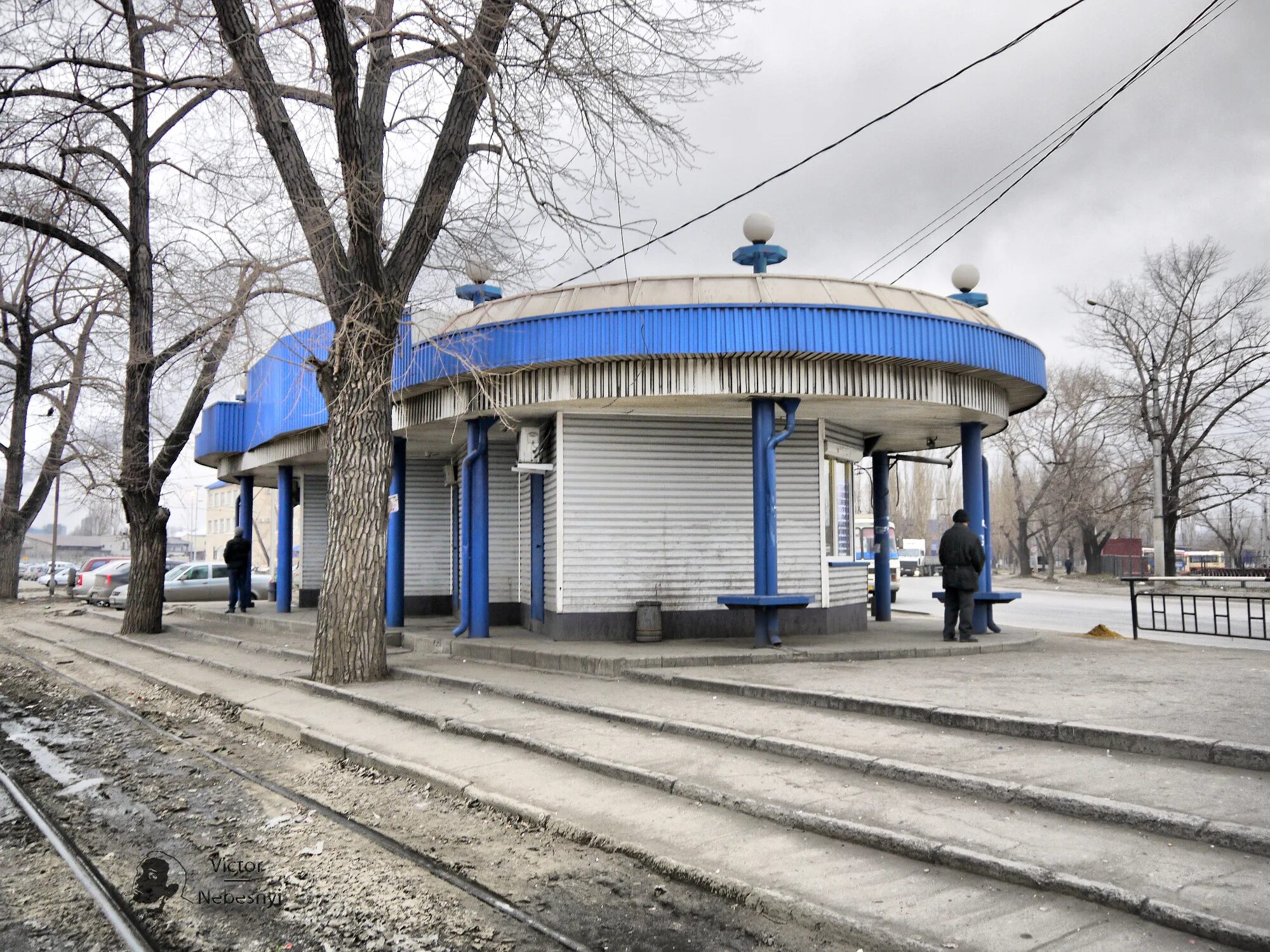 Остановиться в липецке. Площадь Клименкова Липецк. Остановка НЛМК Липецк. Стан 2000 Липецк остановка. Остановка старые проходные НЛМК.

|---|

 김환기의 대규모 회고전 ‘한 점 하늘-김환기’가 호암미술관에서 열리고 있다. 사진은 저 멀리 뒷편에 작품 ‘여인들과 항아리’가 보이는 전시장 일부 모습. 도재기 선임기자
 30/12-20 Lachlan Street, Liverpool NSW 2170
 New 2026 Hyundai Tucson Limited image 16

|---|

WHAT IS EXPECTED:
The lines to extract from the data above begin with the line containing "김환기의 대규모 회고전" and end with the line containing "New 2026 Hyundai Tucson Limited image 16". Extract them exactly, including both.

RESPONSE TO THIS TASK:
 김환기의 대규모 회고전 ‘한 점 하늘-김환기’가 호암미술관에서 열리고 있다. 사진은 저 멀리 뒷편에 작품 ‘여인들과 항아리’가 보이는 전시장 일부 모습. 도재기 선임기자
 30/12-20 Lachlan Street, Liverpool NSW 2170
 New 2026 Hyundai Tucson Limited image 16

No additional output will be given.